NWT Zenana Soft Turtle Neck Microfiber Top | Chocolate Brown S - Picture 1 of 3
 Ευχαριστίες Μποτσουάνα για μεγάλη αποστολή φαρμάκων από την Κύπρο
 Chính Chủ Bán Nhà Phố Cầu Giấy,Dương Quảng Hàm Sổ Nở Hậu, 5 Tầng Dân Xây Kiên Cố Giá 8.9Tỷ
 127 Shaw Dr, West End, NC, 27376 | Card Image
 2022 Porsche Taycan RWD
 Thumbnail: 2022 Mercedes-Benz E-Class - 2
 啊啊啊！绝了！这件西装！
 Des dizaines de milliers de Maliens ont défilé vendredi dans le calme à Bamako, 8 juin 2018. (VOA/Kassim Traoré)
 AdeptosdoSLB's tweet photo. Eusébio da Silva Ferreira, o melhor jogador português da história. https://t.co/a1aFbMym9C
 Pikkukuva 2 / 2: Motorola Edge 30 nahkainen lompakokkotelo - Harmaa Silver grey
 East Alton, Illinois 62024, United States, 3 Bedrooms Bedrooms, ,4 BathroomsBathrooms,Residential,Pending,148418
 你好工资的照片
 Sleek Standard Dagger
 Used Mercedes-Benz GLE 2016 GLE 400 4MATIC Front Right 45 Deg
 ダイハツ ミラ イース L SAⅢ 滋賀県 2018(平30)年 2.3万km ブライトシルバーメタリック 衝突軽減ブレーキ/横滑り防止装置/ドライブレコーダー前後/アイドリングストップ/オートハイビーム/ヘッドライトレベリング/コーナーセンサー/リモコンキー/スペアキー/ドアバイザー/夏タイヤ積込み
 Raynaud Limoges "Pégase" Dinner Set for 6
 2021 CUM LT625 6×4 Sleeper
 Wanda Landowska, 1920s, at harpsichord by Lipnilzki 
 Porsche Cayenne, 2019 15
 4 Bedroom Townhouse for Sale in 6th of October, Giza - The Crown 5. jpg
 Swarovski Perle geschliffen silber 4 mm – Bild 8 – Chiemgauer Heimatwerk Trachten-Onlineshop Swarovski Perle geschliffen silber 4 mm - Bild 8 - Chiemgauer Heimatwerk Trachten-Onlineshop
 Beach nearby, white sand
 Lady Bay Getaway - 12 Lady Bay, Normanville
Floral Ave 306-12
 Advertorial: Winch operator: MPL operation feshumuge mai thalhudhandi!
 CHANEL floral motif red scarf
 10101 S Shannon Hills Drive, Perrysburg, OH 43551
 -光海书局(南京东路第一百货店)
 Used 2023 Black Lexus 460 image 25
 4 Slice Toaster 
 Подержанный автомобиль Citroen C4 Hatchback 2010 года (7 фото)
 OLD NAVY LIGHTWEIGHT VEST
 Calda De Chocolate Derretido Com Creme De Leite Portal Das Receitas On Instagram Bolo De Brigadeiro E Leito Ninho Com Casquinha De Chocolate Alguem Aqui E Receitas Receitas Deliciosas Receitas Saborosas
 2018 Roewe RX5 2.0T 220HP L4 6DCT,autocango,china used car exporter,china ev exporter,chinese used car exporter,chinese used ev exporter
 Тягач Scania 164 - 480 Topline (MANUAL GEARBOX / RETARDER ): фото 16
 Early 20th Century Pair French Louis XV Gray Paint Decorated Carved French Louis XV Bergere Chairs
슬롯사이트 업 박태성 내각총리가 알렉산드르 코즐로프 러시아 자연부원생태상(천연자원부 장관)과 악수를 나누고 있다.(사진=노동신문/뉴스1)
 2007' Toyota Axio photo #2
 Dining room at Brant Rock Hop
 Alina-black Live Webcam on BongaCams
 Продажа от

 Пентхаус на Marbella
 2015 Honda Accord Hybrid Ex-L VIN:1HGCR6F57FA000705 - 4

## [Task]
From the first line to the last, give the data again exactly.

## [Response]
NWT Zenana Soft Turtle Neck Microfiber Top | Chocolate Brown S - Picture 1 of 3
 Ευχαριστίες Μποτσουάνα για μεγάλη αποστολή φαρμάκων από την Κύπρο
 Chính Chủ Bán Nhà Phố Cầu Giấy,Dương Quảng Hàm Sổ Nở Hậu, 5 Tầng Dân Xây Kiên Cố Giá 8.9Tỷ
 127 Shaw Dr, West End, NC, 27376 | Card Image
 2022 Porsche Taycan RWD
 Thumbnail: 2022 Mercedes-Benz E-Class - 2
 啊啊啊！绝了！这件西装！
 Des dizaines de milliers de Maliens ont défilé vendredi dans le calme à Bamako, 8 juin 2018. (VOA/Kassim Traoré)
 AdeptosdoSLB's tweet photo. Eusébio da Silva Ferreira, o melhor jogador português da história. https://t.co/a1aFbMym9C
 Pikkukuva 2 / 2: Motorola Edge 30 nahkainen lompakokkotelo - Harmaa Silver grey
 East Alton, Illinois 62024, United States, 3 Bedrooms Bedrooms, ,4 BathroomsBathrooms,Residential,Pending,148418
 你好工资的照片
 Sleek Standard Dagger
 Used Mercedes-Benz GLE 2016 GLE 400 4MATIC Front Right 45 Deg
 ダイハツ ミラ イース L SAⅢ 滋賀県 2018(平30)年 2.3万km ブライトシルバーメタリック 衝突軽減ブレーキ/横滑り防止装置/ドライブレコーダー前後/アイドリングストップ/オートハイビーム/ヘッドライトレベリング/コーナーセンサー/リモコンキー/スペアキー/ドアバイザー/夏タイヤ積込み
 Raynaud Limoges "Pégase" Dinner Set for 6
 2021 CUM LT625 6×4 Sleeper
 Wanda Landowska, 1920s, at harpsichord by Lipnilzki 
 Porsche Cayenne, 2019 15
 4 Bedroom Townhouse for Sale in 6th of October, Giza - The Crown 5. jpg
 Swarovski Perle geschliffen silber 4 mm – Bild 8 – Chiemgauer Heimatwerk Trachten-Onlineshop Swarovski Perle geschliffen silber 4 mm - Bild 8 - Chiemgauer Heimatwerk Trachten-Onlineshop
 Beach nearby, white sand
 Lady Bay Getaway - 12 Lady Bay, Normanville
Floral Ave 306-12
 Advertorial: Winch operator: MPL operation feshumuge mai thalhudhandi!
 CHANEL floral motif red scarf
 10101 S Shannon Hills Drive, Perrysburg, OH 43551
 -光海书局(南京东路第一百货店)
 Used 2023 Black Lexus 460 image 25
 4 Slice Toaster 
 Подержанный автомобиль Citroen C4 Hatchback 2010 года (7 фото)
 OLD NAVY LIGHTWEIGHT VEST
 Calda De Chocolate Derretido Com Creme De Leite Portal Das Receitas On Instagram Bolo De Brigadeiro E Leito Ninho Com Casquinha De Chocolate Alguem Aqui E Receitas Receitas Deliciosas Receitas Saborosas
 2018 Roewe RX5 2.0T 220HP L4 6DCT,autocango,china used car exporter,china ev exporter,chinese used car exporter,chinese used ev exporter
 Тягач Scania 164 - 480 Topline (MANUAL GEARBOX / RETARDER ): фото 16
 Early 20th Century Pair French Louis XV Gray Paint Decorated Carved French Louis XV Bergere Chairs
슬롯사이트 업 박태성 내각총리가 알렉산드르 코즐로프 러시아 자연부원생태상(천연자원부 장관)과 악수를 나누고 있다.(사진=노동신문/뉴스1)
 2007' Toyota Axio photo #2
 Dining room at Brant Rock Hop
 Alina-black Live Webcam on BongaCams
 Продажа от

 Пентхаус на Marbella
 2015 Honda Accord Hybrid Ex-L VIN:1HGCR6F57FA000705 - 4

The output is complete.